[Short web captions]

------

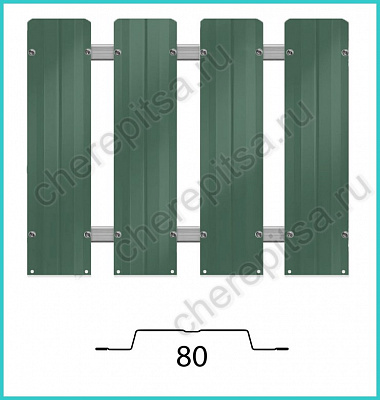 Штакетник Barrera 80 покрытие Полиэстер цвет RAL 6005 толщина 0,45мм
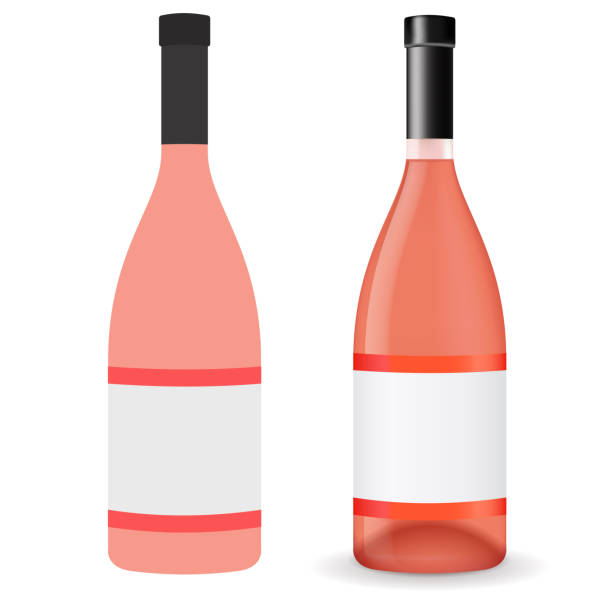 Bottle of rose wine. Colored flat and 3d drawings Bottle of rose wine. Colored flat and 3d drawings. Vector illustration isolated on white background rosé stock illustrations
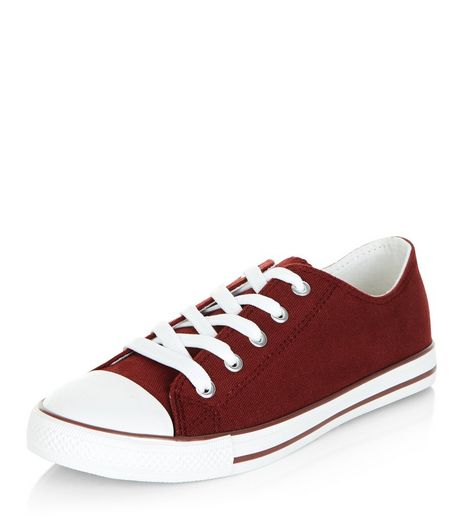 Dark Red Lace Up Stripe Sole Plimsolls | New Look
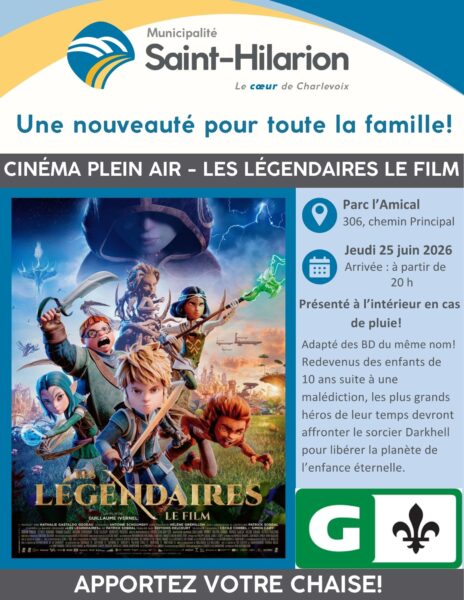 Cinéma en plein air dans le parc à Saint-Hilarion le jeudi 25 juin 2026. Voyez le film Les légendaires qui est adapté de la série BD du même nom.  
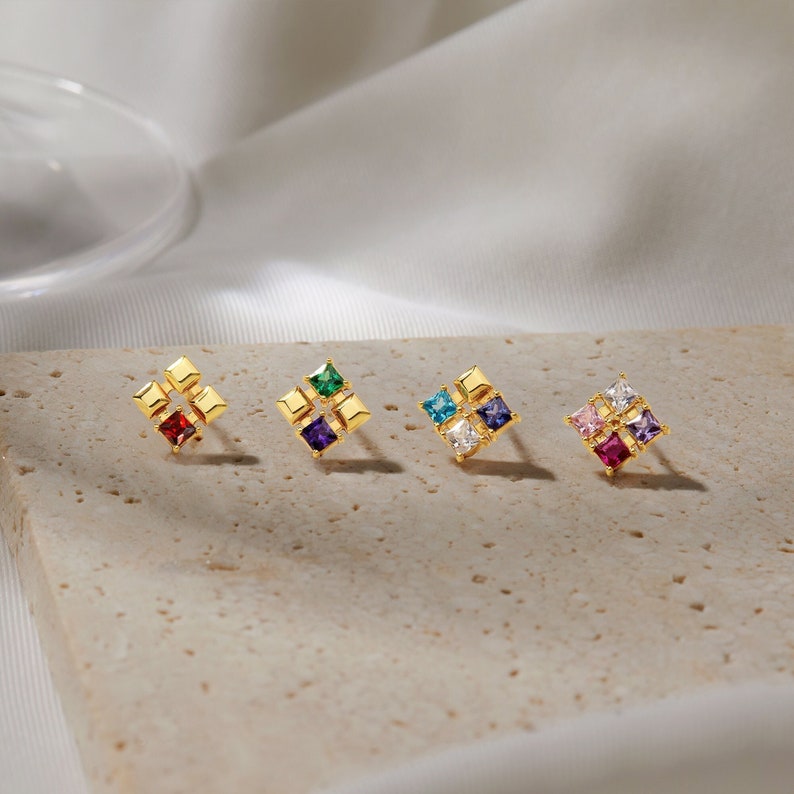 JWH Multiple Birthstone Earrings personalized jewelry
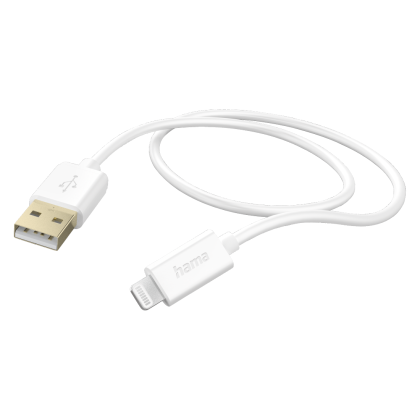 Кабел за зареждане USB-А - Lightning, 1.5м, бял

------

Exercise goal: Beginning with the line that contains "JWH Multiple Birthstone" and ending with the last line of the data above, output those lines exactly and nothing more, without any pictures.

Task answer:
 JWH Multiple Birthstone Earrings personalized jewelry
 Кабел за зареждане USB-А - Lightning, 1.5м, бял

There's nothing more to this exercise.